Since space is tight and the exercise isn’t especially instructive, we’ll skip enumerating the 17 sexual variations Leviticus 18 lists. Still, I advise anyone who’s been clobbered by Leviticus 18.22 (or concerned about those are) to review them here: Leviticus 18. When read in the correct context, a pattern emerges and an overall message comes to light. Interspersed through the guidelines we find several “shameful” phrases: “dishonor your father” (v8); “dishonor you” (v10); “dishonor your brother” (v18); “wickedness” (v17); “detestable” (v22); and “perversion” (v23). Both the list and the reproaches make a number of things patently clear. These activities are sufficiently prevalent in ancient culture to merit mention. Either their persistence or adoption will escalate the spread of infectious disease, wasting life instead of saving it. Since Leviticus 18 presents verdicts, not statutes, adhering to them is a personal choice, one unlikely to be made if the activities are acceptable. (One trembles to imagine living in an era where incest, child sacrifice, and bestiality are accepted; yet such were the times.) The reproaches convert health-endangering practices into cultural taboos. If God pronounces them dishonorable, wicked, detestable, and perverted, who would argue the verdict?

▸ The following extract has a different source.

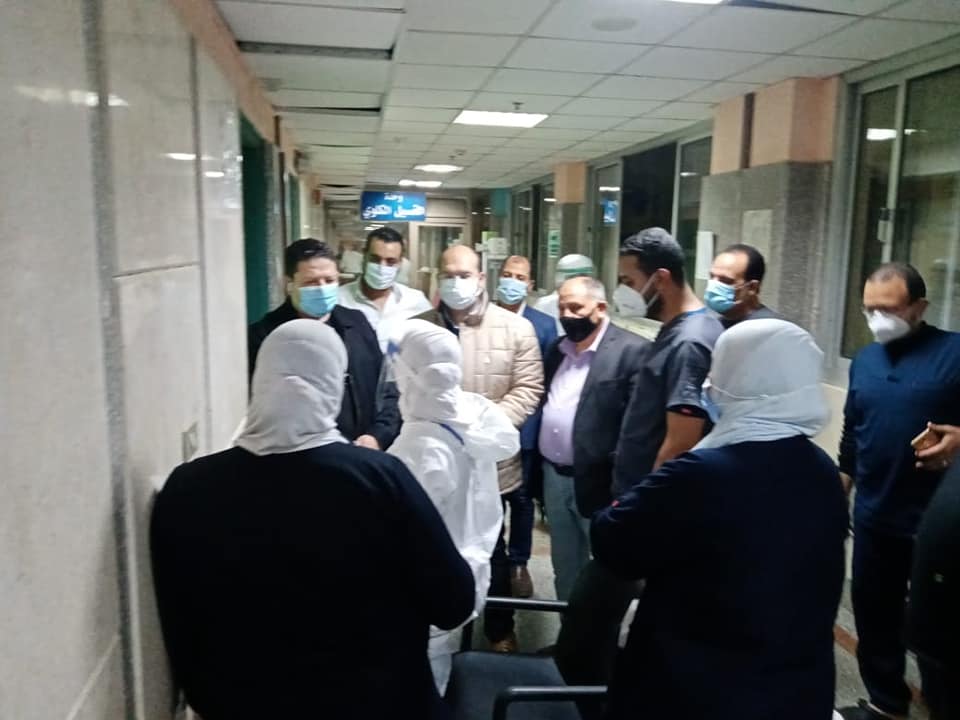 إبراهيم الشهابى نائب محافظ الجيزة يتفقد مستشفى الوراق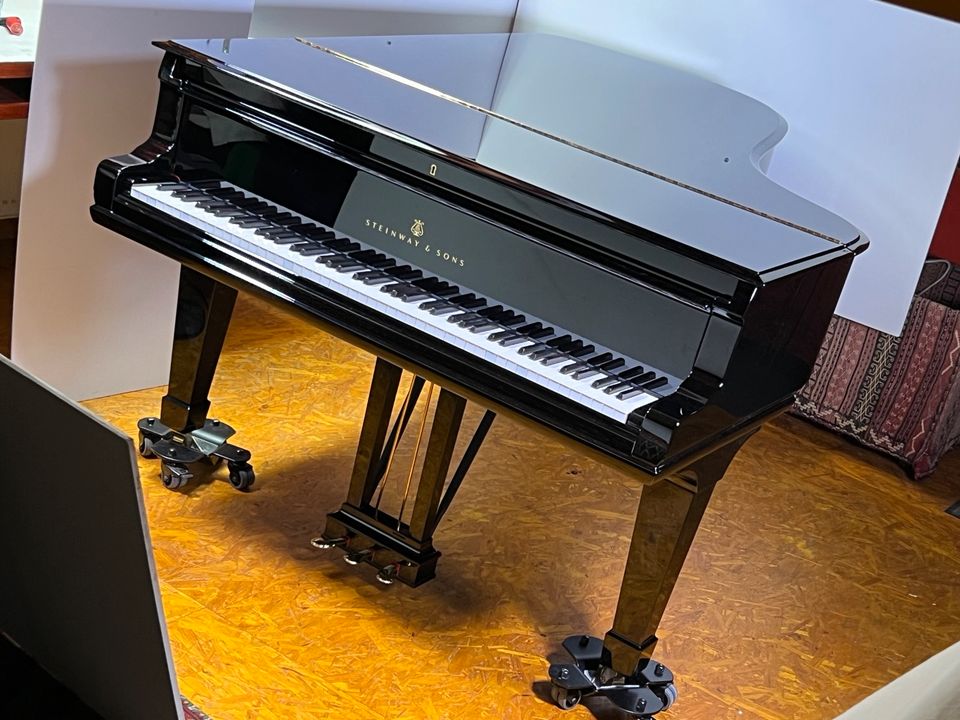 Steinway & Sons B-211 , exzellent,renoviert in Ahrensburg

Hang on. Have we not just validated 18.22 as a trustworthy prohibition of same-sex orientation? It would seem so—until we check this reading against the context. Now that we know what God’s talking about, it’s equally important to establish whom God is speaking to. Who comprises the original audience? When we include the guideline against child sacrifice (v21), it’s apparent the chapter targets husbands and fathers, i.e., heterosexual men—with the understanding ancient cultures don’t categorize sexual behavior as straight or gay. Thus, the issue is traditional male responsibility for the community’s wellbeing. (Which is why men who knowingly put their community at risk are expunged from the populace per Leviticus 20’s death penalties.) To misappropriate 18.22 as a statute forbidding same-sex orientation, when it’s actually a verdict on same-gender sex, indicates one neither understands the enormous difference between identity and activity nor accounts for the text’s stated intention to save lives. The error of those who abuse this text to clobber homosexuals surpasses unlearned handling of Scripture. It represents flagrant disregard for Scripture’s statutory commands to love God and one another. Anyone so audacious and/or confused to break God’s Law in the name of righteousness and justice is in dire need of our compassion and prayers.

Leviticus 18 is a conversation between God and Israel in which God presents the community with safe-sex standards to promote its stability and wellbeing. Its prohibitions are not to be confused with divine edicts.